Rebounding of COVID-19 symptoms and viral load are common among untreated COVID-19 patients
In a recent study published in the Annals of Internal Medicine, researchers characterize coronavirus disease 2019 (COVID-19) symptom and viral load rebounds among untreated individuals with mild-to-moderate severe acute respiratory syndrome coronavirus 2 (SARS-CoV-2) infections in outpatient settings.
Study: Symptom and Viral Rebound in Untreated SARS-CoV-2 Infection. Image Credit: Subbotina Anna / Shutterstock.com
Previous studies have reported cases of COVID-19 symptom rebound following nirmatrelvir-ritonavir therapy. However, the simultaneous occurrence of symptom and SARS-CoV-2 rebounds have been reported among a limited number of individuals or in uncontrolled settings. The trajectories of symptoms and SARS-CoV-2 loads over the course of natural SARS-CoV-2 infection are not well-characterized and require further investigation.
About the study
In the present study, researchers retrospectively analyzed data from the adaptive platform treatment trial for outpatients with COVID-19 known as ACTIV-2/A5401 to evaluate symptom and SARS-CoV-2 rebound dynamics of the natural course of SARS-CoV-2 infections.
In the randomized, multicenter, placebo-controlled, clinical trial, adult individuals with acute COVID-19 were recruited within seven to ten days of the onset of SARS-CoV-2 infection symptoms.

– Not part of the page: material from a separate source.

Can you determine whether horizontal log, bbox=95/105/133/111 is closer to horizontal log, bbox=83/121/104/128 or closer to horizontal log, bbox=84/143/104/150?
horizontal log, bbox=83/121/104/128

Thereafter, the researchers assessed anti-SARS-CoV-2 therapeutics administered to individuals with mild-to-moderate SARS-CoV-2 infection in outpatient settings.
Nasal swab specimens were obtained daily for SARS-CoV-2 ribonucleic acid (RNA) testing in the first two weeks, and at the end of the third and fourth weeks. The individuals recorded their COVID-19 symptoms daily over four weeks.
Symptom severity was assessed for 13 COVID-19 symptoms including fever, cough, sore throat, fatigue, breathlessness of breathing difficulties, body aches, muscle aches, chills, headaches, nasal congestion or obstruction, nasal discharges, vomiting, diarrhea, and nausea. Symptom rebounds were described as a four-point elevation in the total score for COVID-19 symptoms following improvements after the study began.
SARS-CoV-2 rebound was described as increases of 0.50 log10 RNA copies/mL or greater from the preceding timepoint to viral loads of 3.0 log10 copies/mL or more. High-level SARS-CoV-2 rebound was described as increases exceeding 0.50 log10 RNA copies/mL to viral loads of 5.0 log10 copies/mL or more.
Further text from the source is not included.